> [Dataset extract]:
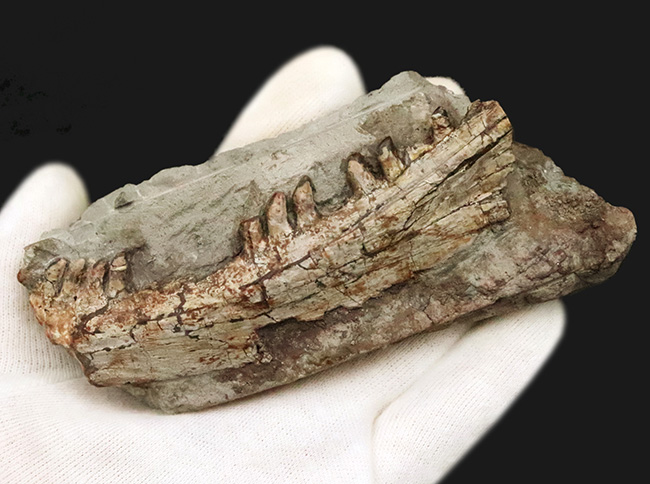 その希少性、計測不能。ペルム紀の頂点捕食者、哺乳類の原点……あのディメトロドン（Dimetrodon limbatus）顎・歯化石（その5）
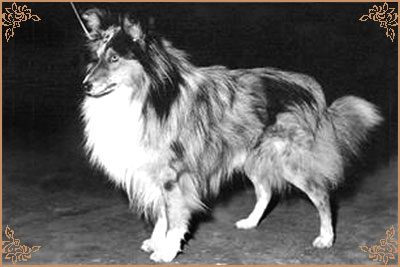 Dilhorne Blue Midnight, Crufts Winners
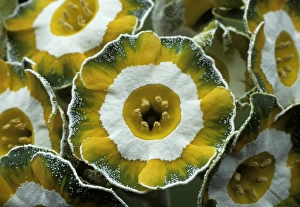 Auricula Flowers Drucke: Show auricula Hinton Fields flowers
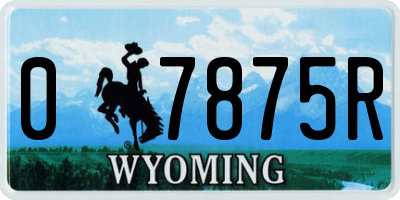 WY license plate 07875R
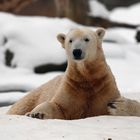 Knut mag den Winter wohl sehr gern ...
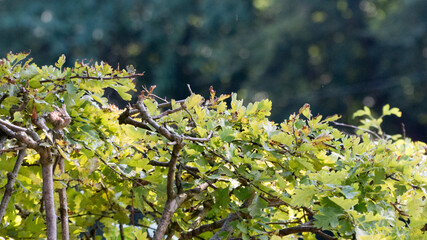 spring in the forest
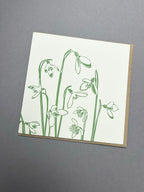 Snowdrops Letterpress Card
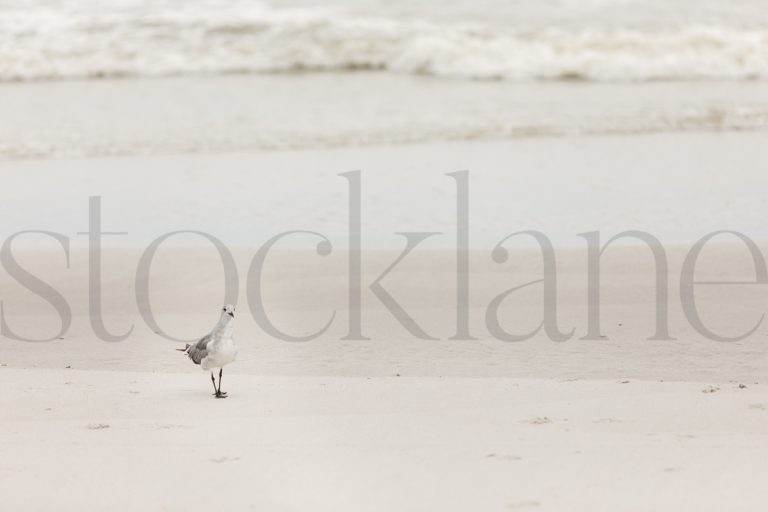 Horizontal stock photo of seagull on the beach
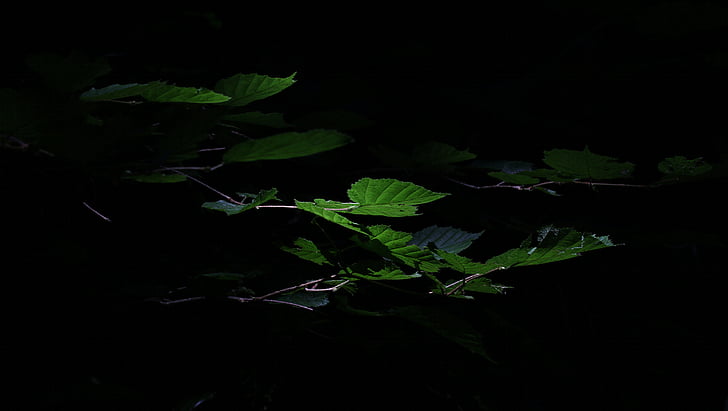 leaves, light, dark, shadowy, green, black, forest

> [What is needed]:
Please reproduce the whole listing exactly; the pictures stay out.

> [Response to the exercise]:
 その希少性、計測不能。ペルム紀の頂点捕食者、哺乳類の原点……あのディメトロドン（Dimetrodon limbatus）顎・歯化石（その5）
 Dilhorne Blue Midnight, Crufts Winners
 Auricula Flowers Drucke: Show auricula Hinton Fields flowers
 WY license plate 07875R
 Knut mag den Winter wohl sehr gern ...
 spring in the forest
 Snowdrops Letterpress Card
 Horizontal stock photo of seagull on the beach
 leaves, light, dark, shadowy, green, black, forest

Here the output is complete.